Essa é uma foto minha totalmente sem maquiagem, mas esse não é um texto sobre maquiagem, ou a falta dela. Quer dizer, não exatamente. Já tem alguns dias que eu vi um vídeo da iiSuperWomanii em que ela fala sobre o dia em que ela se desculpou por ir a uma reunião "looking like a mess", o que eu vou traduzir como "estar destrambelhada " por não me ocorrer outro termo agora. E quando ela olhou pra si mesma, o que ela chamou de destrambelhada era, na realidade,  apenas ela, de moleton, cabelo natural e rosto sem maquiagem, o que é, basicamente, ela! Ela, elazinha, normal, natural. Foi aí que ela disse que notou como não deveria se desculpar por simplesmente parecer consigo mesma.
Então eu comecei a me perguntar quando foi que começou a deixar de ser tão natural a gente estar natural. Acho que pra mim - e pra muitas outras pessoas, especialmente meninas - foi na adolescência, quando a acne começou a surgir com força total e o cabelo virou uma loucura, e tentar ser uma versão melhor de si mesma virou uma luta diária, com bases, pós, mil produtos de cabelos... E nada disso é exatamente ruim, mas eu já me peguei tantas vezes dependendo de tudo isso que, sim, vira um problema. Mas nada disso é novidade, a gente já ouviu um milhão de vezes essa conversa sobre dependência de produtos de beleza para se sentir bem, o que me bateu dessa vez é que, apesar de não ser a situação no vídeo, é uma situação que eu já vivi: os outros esperarem uma imagem "photoshapada" de você. 

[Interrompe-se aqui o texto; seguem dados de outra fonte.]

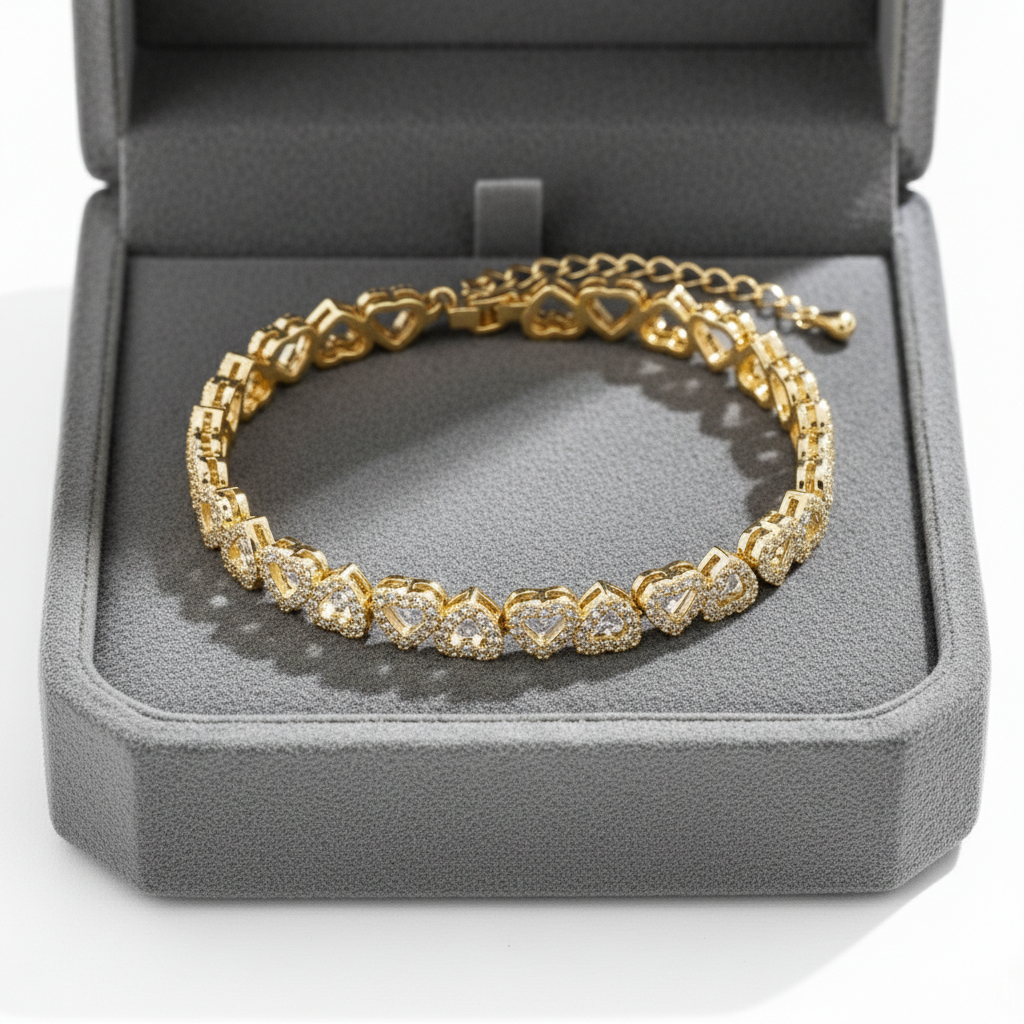Eternal Heart Lab Grown Diamond Bracelet in Yellow Gold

Eu faço arquitetura e uma vez ou outra eu já ouvi meus professores pedirem pra gente se maquiar ou usar roupas melhores nas apresentações de projeto, e na ultima vez que ouvi isso, olhei ao redor da sala procurando se tinha alguém vestido de forma não profissional, e não havia, o que havia eram alguns rostos claramente cansados dos milhões de horas investidos nesses trabalhos. É aí que eu vejo que, além de aguentar a pressão que colocamos em nós mesmos de caber em determinados padrões, tem gente alí, do lado de fora, esperando ver nossas versões melhoradas como se isso fosse um pré-requisito natural, como se isso fosse esperado e normal. Não me entenda mal, eu vou continuar me maquiando, vestindo roupas mais arrumadas, fazendo algo diferente no meu cabelo, tudo isso quando eu quiser ou quando convir, o que me incomoda é que eu associe minha aparência de "como vim pro mundo" como destrambelho, como uma bagunça, e o que me incomoda é que as outras pessoas pensem isso de mim também, e que eu pense isso da aparência daqueles ao meu redor. 
Aquela lá em cima sou eu, de pele falha e oleosa, com os cabelos secando ao natural, a mesma Luana da foto do lado, maquiada, no perfil do blog, nenhuma delas está destrambelhada, todas as duas são totalmente aceitáveis, ou pelo menos é isso que eu estou trabalhando para enxergar.